KUALA LUMPUR: With three days to go before the deadline for the filing of civil suits against Malaysian Airline System Bhd (MAS) under the Montreal Convention is due, 12 families, including four from overseas, have initiated legal proceedings against the company over the disappearance of Flight MH370.

The families filed their suits at the High Court civil registry here yesterday.

With the latest addition, this means 16 suits relating to the ill-fated flight en route from here to Beijing on March 8, 2014, have so far been filed, with one of them settled out of court last June.

Among the plaintiffs yesterday were two Ukrainian families.

The first concerned Tetiana Yevhenivna Chustrak, the widow of Oleg Volodymyrovych Chustrak, and their sons - Yevhen, Denys and Roman Olegovych Chustrak.

The second were Natalia Viktorivna Bragina-Deineka, the widow of Sergii Grygorovych Deineka, their daughter Yelyzaveta Sergiivna Deineka, her mother-in-law Olena Vasylivna Deineka and father-in-law Grygoriy Nikandrovych Deineka.

Their lawyer Yeoh Cho Kheong told reporters that Chustrak and Deineka, both 44, were business partners who were said to be each earning an annual income of about US$2mil (S$2.7 million).

Another lawyer, Sangeet Kaur Deo, said 10 families also filed similar civil suits against MAS and four others - Malaysia Airlines Bhd, the Department of Civil Aviation (DCA) director-­general, air force chief and the Government.

Sangeet said her clients comprised eight Malaysians, a Russian and a Chinese national who preferred to withhold their identities.

They are claiming for the following passengers: Malaysians Tan Teik Hin, Guan Hua Jin, Anne Catherine Daisy, Wan Hock Khoon, Yap Chee Meng, Muzi Yusop, Suhaili Mustafa, Sim Keng Wei, Chinse national Ju Kun and Russian Nikolai Brodskii.

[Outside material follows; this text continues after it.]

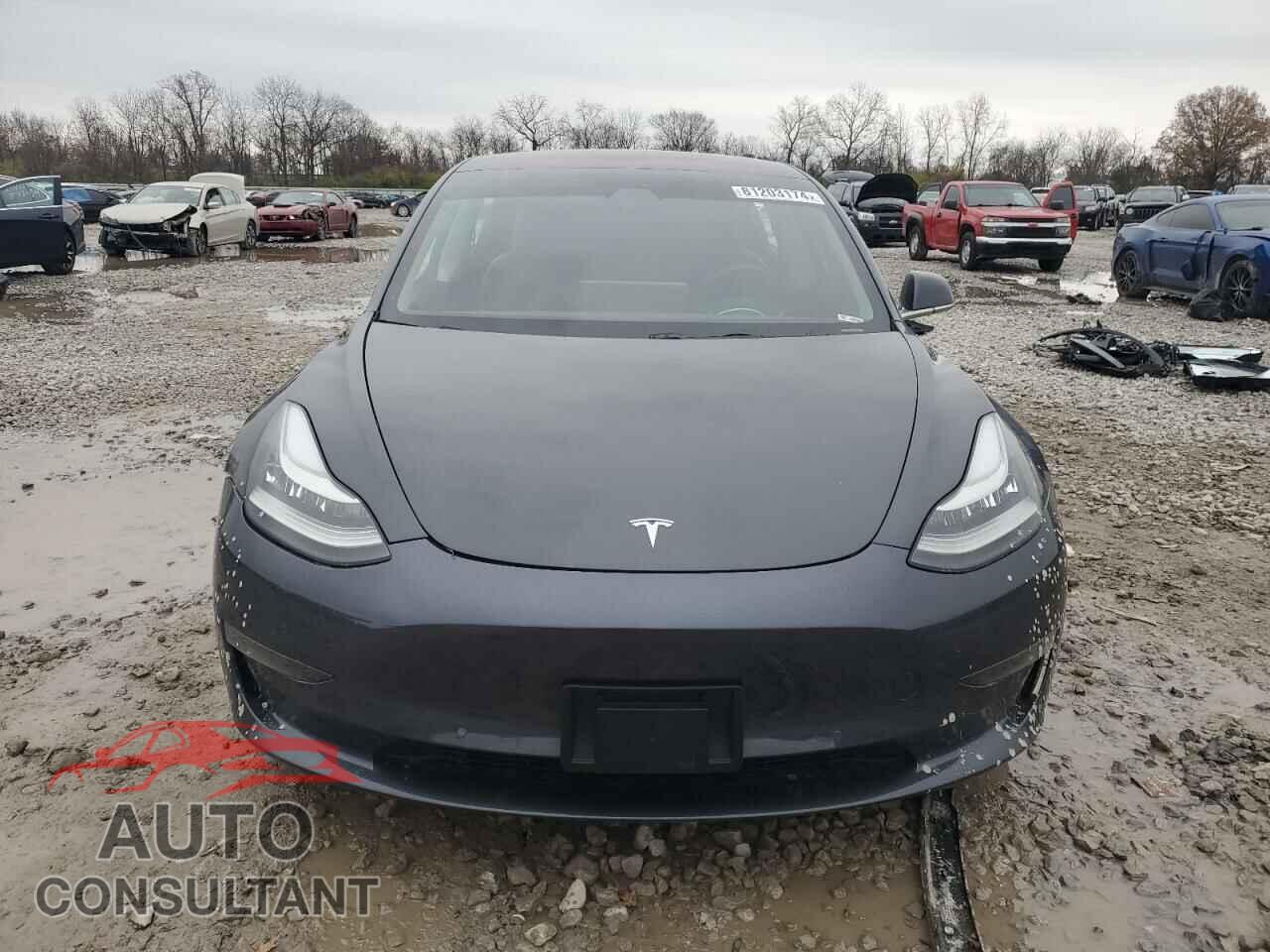 TESLA MODEL 3 2018 - 5YJ3E1EB0JF063066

All the plaintiffs said the airline and the authorities had breached their obligations to provide a safe flight.

They are variously suing for negligence, breach of contract, loss of financial support, bereavement, funeral expenses and unspecified damages.

MAS had on March 24, 2014, sent text messages to the next of kin that all evidence suggested that the plane had gone down in the southern Indian Ocean.

On Jan 29 last year, the DCA director-general had, on behalf of the Malaysian Government, declared MH370 to be an accident and that all 239 passengers and crew on board it were presumed to have lost their lives.

Malaysia is a signatory to the 1999 Montreal Convention, under which the airline is liable for all of the plaintiffs' damages unless it proves that it was completely without fault, or that the accident was caused solely by a third party.

The right to damages expires if an action is not brought within two years, from the date the aircraft was to have arrived.